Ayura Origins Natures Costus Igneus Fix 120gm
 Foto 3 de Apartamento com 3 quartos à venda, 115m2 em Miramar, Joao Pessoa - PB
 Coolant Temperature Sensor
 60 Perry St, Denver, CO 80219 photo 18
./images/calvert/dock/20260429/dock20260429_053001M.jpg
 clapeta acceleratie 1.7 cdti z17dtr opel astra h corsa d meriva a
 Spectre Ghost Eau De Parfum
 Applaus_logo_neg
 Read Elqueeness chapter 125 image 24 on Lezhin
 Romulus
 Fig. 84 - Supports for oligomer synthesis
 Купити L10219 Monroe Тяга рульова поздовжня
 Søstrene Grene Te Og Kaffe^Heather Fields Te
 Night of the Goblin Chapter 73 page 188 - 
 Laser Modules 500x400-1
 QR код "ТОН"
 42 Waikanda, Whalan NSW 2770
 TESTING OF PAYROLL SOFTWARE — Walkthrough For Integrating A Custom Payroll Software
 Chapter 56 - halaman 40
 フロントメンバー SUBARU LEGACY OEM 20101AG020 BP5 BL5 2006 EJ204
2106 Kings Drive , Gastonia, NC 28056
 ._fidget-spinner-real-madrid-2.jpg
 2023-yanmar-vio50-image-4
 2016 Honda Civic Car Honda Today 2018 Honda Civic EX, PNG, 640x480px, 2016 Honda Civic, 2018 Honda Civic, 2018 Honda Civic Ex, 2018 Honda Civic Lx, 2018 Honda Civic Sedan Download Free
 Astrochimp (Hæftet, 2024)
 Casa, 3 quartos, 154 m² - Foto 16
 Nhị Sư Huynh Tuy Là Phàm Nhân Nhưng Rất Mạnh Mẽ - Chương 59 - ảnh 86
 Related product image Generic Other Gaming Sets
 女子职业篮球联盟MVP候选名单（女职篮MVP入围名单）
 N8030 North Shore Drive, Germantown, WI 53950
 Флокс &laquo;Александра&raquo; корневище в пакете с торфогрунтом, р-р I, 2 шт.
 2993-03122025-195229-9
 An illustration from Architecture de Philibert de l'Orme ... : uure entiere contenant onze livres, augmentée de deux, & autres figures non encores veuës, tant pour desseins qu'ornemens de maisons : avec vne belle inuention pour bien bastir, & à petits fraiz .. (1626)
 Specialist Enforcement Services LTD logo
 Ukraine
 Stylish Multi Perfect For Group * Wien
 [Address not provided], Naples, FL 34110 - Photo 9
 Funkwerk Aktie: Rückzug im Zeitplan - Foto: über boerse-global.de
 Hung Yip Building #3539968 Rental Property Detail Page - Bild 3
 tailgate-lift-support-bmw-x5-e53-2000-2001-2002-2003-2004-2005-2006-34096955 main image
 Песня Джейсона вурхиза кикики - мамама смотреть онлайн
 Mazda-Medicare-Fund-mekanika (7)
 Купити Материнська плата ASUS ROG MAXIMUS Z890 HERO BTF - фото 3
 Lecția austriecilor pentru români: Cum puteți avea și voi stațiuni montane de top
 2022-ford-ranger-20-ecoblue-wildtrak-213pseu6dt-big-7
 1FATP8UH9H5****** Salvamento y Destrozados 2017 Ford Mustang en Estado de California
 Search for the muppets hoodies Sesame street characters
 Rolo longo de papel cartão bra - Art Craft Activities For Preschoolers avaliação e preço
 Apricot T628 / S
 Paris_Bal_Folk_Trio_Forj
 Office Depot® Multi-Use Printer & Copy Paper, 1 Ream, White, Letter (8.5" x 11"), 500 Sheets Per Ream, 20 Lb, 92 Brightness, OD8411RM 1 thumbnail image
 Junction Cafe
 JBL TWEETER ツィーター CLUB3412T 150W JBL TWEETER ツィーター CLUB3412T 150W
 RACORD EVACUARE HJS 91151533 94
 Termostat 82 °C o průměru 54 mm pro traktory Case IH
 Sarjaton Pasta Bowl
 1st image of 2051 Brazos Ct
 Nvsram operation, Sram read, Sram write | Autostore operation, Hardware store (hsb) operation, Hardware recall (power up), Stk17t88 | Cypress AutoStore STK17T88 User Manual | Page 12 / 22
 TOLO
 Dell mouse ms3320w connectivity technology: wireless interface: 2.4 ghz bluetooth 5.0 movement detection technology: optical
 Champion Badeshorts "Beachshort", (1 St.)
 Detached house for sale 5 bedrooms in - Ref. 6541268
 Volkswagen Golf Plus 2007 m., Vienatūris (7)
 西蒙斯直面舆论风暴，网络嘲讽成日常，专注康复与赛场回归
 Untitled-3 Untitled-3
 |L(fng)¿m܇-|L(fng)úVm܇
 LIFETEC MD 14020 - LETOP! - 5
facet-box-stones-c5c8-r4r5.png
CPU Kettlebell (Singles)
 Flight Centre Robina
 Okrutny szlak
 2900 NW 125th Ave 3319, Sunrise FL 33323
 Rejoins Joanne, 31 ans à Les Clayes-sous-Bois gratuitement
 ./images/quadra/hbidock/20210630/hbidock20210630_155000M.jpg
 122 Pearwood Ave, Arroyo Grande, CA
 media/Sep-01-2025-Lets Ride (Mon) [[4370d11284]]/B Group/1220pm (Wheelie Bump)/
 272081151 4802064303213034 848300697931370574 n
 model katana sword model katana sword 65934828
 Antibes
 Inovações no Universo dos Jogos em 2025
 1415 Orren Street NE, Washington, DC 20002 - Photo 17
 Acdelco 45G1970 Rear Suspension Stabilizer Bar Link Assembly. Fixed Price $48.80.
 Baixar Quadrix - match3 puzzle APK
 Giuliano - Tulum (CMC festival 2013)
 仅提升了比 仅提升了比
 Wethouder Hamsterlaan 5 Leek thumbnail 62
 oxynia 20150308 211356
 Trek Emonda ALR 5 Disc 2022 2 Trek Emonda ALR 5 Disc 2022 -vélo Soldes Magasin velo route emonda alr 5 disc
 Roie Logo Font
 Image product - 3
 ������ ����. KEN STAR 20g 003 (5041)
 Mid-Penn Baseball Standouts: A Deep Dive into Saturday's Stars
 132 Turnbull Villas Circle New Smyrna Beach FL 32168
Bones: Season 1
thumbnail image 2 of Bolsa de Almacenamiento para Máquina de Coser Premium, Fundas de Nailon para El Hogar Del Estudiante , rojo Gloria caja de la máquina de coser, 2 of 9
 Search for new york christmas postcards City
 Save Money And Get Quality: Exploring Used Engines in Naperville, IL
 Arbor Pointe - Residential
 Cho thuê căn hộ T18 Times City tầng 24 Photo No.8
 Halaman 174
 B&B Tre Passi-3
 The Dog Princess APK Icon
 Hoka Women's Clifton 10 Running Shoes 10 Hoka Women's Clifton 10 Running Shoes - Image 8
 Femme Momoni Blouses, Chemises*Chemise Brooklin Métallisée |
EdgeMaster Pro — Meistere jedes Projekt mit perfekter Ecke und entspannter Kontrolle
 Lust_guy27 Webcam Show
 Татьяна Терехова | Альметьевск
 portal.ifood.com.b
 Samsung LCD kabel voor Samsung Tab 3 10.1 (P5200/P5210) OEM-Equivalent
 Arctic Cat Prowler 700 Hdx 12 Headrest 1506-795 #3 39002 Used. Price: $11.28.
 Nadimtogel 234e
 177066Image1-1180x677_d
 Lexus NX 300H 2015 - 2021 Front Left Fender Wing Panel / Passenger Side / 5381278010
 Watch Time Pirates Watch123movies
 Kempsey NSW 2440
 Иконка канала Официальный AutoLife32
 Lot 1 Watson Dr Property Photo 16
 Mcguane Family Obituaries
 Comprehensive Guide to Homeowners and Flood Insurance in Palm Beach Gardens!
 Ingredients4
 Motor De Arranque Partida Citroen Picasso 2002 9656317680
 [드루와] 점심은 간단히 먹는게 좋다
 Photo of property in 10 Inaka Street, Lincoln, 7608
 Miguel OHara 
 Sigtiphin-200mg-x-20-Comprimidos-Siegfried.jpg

____

Filter the entries and keep only the lines holding "Search".

 Search for the muppets hoodies Sesame street characters
 Search for new york christmas postcards City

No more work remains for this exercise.